Antler shed hunting provides good exercise and a chance to spend time outdoors. Plan your trip, let someone know where you are going, take the proper equipment for the elements and supplies to keep you energized and hydrated. Most of all, get outside and enjoy what Nature has to offer.

Antlers protruding from snow alongside dead grass.

Retired Lieutenant Eric Bumgarner spent 24 years with the Illinois Conservation Police. Eric is an avid outdoorsman and has a passion for protecting the natural resources.

Share and enjoy!


Submit a question for the author

Question: Can I take my dog with me shed hunting in the state or Illinois.

Reply: Thank you for your comment. Yes, in Illinois you are permitted to hunt for shed antlers with your dog. For more information on what hunting is and is not permitted with a dog in Illinois, see the Illinois Hunting and Trapping Digest. Keep in mind that the shed season (December through April) is also the time of year in which Special CWD, Late Winter, and IDNR’s sharpshooting take place. A list of these dates is also available in the Illinois Hunting and Trapping Digest. Also, note the requirement of blaze orange clothing for firearm hunting dates as a safety precaution, if you are in the woods.

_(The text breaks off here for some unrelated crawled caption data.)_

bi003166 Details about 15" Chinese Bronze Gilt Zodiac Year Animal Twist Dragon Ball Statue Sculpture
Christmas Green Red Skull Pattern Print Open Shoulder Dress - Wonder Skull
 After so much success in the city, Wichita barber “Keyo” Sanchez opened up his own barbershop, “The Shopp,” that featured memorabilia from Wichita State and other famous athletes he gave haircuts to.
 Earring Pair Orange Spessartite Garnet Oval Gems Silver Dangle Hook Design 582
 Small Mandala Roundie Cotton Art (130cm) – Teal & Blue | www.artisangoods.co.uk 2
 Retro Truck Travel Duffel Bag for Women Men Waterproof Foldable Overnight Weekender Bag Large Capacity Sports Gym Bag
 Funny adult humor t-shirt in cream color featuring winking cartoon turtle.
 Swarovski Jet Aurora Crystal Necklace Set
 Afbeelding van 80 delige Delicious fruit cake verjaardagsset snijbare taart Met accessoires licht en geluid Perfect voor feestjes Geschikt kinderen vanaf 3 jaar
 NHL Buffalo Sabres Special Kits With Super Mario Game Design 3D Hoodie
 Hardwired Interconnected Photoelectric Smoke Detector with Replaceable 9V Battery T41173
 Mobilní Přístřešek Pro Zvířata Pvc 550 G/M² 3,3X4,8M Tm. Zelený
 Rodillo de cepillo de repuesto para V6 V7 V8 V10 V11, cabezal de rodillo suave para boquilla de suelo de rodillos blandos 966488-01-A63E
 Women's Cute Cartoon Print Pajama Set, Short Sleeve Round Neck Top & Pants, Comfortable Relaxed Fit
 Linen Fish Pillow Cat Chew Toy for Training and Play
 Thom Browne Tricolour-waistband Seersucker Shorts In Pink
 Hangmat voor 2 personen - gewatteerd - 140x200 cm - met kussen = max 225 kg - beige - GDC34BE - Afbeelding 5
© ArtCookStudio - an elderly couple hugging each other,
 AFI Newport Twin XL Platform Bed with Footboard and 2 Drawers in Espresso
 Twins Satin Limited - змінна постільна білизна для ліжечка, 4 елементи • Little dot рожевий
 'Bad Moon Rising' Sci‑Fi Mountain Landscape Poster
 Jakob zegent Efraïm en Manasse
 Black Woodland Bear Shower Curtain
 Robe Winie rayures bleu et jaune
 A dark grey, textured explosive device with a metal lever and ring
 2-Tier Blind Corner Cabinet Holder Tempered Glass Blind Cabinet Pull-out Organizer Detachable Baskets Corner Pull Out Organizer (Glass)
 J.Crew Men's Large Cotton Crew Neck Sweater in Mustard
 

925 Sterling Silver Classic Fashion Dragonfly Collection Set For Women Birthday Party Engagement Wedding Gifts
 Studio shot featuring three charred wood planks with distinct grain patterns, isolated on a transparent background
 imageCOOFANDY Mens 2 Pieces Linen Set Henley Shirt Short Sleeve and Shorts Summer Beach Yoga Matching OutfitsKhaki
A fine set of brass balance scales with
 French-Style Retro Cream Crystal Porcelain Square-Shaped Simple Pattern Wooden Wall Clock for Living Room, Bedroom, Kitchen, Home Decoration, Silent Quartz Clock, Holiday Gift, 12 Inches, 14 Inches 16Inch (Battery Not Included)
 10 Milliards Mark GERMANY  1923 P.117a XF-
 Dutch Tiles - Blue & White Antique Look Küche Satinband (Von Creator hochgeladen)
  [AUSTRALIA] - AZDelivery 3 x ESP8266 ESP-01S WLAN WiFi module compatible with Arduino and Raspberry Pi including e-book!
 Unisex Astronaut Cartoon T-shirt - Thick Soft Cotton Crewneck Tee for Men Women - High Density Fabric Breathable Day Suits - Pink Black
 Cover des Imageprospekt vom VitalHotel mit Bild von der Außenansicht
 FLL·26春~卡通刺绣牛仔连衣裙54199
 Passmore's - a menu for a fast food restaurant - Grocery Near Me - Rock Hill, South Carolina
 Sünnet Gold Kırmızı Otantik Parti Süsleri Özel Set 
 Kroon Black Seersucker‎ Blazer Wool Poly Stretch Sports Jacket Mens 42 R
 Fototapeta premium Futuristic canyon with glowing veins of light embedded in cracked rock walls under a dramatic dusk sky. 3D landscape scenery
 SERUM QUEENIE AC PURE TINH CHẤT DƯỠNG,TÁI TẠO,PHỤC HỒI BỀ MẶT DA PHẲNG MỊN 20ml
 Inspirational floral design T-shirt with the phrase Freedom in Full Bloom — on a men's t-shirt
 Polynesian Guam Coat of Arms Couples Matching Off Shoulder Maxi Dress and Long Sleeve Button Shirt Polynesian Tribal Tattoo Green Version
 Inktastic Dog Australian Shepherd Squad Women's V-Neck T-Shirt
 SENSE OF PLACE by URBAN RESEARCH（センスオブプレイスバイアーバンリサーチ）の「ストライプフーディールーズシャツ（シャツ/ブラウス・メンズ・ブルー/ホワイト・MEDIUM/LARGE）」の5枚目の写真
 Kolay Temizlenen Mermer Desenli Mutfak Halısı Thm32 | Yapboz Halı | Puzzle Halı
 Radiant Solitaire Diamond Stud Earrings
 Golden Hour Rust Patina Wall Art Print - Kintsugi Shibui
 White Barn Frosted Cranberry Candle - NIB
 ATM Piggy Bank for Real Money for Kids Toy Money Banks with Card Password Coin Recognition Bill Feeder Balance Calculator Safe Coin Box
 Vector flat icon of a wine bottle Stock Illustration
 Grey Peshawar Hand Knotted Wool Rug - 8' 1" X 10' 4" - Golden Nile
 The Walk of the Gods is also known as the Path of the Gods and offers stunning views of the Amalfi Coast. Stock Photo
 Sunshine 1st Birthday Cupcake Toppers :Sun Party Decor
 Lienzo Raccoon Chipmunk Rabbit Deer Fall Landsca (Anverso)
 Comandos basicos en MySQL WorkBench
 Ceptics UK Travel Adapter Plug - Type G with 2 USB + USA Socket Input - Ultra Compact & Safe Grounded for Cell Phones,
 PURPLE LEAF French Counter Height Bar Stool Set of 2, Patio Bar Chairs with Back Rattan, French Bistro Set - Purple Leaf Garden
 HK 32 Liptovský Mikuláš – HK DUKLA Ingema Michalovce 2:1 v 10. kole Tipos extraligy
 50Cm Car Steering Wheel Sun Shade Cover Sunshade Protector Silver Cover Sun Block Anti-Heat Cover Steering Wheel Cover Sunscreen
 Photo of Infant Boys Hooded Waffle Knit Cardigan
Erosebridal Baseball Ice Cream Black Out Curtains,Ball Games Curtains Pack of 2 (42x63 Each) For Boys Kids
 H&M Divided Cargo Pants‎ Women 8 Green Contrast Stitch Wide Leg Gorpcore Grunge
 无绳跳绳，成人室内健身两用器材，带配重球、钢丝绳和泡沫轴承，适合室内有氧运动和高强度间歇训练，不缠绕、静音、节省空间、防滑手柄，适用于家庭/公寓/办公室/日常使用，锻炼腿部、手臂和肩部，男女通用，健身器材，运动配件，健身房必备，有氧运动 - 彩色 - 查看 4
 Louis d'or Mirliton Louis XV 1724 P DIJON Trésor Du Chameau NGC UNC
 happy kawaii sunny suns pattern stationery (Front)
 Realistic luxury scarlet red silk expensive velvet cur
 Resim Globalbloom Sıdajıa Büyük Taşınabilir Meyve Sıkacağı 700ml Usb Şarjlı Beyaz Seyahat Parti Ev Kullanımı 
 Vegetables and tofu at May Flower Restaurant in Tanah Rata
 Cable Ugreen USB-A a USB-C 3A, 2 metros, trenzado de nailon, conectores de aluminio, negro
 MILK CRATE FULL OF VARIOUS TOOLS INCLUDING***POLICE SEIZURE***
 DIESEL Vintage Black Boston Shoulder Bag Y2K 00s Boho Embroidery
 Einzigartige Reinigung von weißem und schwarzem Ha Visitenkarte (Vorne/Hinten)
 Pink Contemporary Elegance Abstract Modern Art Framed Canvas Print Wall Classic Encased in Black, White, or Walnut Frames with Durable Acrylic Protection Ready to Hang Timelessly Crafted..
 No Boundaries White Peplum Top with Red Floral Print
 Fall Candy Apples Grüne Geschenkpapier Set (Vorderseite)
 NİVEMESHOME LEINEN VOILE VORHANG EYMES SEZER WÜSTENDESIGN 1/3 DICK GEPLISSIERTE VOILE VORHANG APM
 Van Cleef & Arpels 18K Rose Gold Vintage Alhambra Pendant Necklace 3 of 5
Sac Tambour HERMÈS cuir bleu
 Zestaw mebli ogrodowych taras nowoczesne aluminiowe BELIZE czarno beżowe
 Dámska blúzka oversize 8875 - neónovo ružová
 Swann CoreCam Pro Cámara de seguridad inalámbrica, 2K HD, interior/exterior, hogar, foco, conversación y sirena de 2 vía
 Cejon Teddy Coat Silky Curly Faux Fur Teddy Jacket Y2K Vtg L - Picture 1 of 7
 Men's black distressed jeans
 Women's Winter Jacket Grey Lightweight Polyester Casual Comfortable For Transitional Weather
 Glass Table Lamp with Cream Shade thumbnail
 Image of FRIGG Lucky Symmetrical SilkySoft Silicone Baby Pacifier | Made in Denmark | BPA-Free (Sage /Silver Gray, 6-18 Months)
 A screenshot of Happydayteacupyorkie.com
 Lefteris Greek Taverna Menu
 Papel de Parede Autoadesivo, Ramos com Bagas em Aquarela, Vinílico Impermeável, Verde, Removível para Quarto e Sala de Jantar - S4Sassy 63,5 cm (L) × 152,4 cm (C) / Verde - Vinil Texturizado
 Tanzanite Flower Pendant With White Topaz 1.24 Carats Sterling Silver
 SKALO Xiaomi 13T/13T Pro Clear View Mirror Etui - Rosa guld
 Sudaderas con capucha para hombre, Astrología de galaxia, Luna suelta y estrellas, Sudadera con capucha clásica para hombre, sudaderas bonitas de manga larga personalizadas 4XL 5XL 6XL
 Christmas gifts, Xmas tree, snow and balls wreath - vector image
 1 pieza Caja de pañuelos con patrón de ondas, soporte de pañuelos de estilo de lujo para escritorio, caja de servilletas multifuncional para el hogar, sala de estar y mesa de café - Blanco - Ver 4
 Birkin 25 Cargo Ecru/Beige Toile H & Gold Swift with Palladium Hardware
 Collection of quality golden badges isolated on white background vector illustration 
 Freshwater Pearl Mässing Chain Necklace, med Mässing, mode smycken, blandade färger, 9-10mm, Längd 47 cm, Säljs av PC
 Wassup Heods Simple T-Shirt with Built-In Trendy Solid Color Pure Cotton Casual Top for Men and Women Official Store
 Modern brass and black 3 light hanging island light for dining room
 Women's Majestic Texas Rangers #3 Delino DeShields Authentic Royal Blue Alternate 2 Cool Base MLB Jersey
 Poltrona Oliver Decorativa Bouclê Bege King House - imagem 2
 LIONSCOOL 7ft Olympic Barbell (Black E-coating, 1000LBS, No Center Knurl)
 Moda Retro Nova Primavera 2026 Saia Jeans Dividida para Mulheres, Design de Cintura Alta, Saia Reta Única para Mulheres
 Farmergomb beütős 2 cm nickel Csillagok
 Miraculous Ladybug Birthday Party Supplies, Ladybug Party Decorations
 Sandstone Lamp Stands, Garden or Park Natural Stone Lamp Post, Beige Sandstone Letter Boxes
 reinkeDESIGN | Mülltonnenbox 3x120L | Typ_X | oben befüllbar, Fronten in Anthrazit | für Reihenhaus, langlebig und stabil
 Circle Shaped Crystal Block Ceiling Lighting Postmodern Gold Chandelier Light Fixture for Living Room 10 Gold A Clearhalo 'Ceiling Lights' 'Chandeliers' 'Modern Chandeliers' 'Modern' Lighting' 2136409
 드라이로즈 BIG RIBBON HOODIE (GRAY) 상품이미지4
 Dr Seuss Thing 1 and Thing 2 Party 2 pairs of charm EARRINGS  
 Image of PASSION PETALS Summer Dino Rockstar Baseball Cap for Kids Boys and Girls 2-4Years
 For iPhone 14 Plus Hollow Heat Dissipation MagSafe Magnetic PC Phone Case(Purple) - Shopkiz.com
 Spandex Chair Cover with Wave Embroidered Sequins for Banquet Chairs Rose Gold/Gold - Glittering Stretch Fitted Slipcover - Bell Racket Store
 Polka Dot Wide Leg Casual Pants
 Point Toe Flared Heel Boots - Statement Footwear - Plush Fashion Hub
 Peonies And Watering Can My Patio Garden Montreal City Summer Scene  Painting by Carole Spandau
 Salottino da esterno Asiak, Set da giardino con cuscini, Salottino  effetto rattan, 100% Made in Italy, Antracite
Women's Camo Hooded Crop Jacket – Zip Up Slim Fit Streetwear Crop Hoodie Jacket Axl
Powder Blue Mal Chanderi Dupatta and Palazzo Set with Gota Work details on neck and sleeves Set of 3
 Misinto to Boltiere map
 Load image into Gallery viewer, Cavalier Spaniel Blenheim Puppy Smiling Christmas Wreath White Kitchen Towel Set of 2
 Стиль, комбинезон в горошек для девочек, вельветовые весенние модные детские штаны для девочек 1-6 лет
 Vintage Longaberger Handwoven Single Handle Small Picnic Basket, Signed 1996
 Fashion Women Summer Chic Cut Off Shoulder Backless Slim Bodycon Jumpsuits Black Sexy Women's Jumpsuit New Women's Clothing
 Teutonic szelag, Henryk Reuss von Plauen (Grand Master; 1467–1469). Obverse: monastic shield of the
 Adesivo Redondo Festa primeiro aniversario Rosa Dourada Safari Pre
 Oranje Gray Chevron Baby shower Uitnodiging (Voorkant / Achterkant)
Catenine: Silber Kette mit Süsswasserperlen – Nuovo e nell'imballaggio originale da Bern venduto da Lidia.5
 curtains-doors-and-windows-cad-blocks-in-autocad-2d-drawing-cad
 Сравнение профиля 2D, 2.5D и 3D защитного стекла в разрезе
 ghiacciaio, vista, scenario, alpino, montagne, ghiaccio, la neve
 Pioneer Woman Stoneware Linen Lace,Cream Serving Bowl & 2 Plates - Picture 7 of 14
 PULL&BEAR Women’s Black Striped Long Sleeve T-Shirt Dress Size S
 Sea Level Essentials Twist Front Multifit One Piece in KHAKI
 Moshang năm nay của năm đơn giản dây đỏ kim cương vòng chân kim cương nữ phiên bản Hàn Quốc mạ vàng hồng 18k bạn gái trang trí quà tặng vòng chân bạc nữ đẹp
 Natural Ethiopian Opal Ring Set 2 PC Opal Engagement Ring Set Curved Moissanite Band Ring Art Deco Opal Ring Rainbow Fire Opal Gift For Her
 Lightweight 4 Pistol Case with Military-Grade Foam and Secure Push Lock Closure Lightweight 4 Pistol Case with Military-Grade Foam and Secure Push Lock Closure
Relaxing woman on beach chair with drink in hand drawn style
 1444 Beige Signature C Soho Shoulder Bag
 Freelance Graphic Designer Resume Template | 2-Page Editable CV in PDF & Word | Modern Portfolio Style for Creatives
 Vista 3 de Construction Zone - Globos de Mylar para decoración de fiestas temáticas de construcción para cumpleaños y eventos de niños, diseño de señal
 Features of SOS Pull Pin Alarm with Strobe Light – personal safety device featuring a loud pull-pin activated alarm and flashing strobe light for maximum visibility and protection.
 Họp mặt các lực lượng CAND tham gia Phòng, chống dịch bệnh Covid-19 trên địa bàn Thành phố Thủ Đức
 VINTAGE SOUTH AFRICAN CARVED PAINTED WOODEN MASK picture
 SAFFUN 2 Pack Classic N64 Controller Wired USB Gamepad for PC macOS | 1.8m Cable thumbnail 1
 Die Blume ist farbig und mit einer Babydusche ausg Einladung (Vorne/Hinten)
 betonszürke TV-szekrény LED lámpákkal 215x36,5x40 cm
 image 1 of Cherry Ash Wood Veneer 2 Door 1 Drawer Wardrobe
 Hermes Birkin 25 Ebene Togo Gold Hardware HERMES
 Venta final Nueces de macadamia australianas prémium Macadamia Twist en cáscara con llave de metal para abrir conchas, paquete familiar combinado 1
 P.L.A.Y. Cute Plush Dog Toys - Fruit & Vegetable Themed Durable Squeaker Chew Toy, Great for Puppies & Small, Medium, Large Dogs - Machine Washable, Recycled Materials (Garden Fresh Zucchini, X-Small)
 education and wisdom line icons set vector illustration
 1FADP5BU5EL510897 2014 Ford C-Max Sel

Question: I’m a non resident. Looking to hunt public land or private land. What’s the best way to go about it?

Reply: The Hunt Illinois website has a phenomenal feature to help you plan your Illinois Hunts. At https://huntillinois.org/ you will see a “Hunt Planner” button that can get you started on whatever type of hunting you are interested in, and suggestions for hunting particular areas within Illinois. Also check out the annual Illinois Hunting and Trapping Digest at https://www2.illinois.gov/dnr/publications/documents/00000923.pdf. At the end of the booklet you will find tables that list the particular type of hunting that takes place at each publicly owned site. In addition, the sections on each type of hunting (deer, turkey, waterfowl, etc.) have detailed tables that will identify if a lottery system is in place for hunting that species on public land. Another great source of information are the Illinois Hunter Fact Sheets. These detailed sheets will provide information on hunting specific areas, and provide contact information should you have questions after reviewing the information. Best of luck with your Illinois hunting adventures!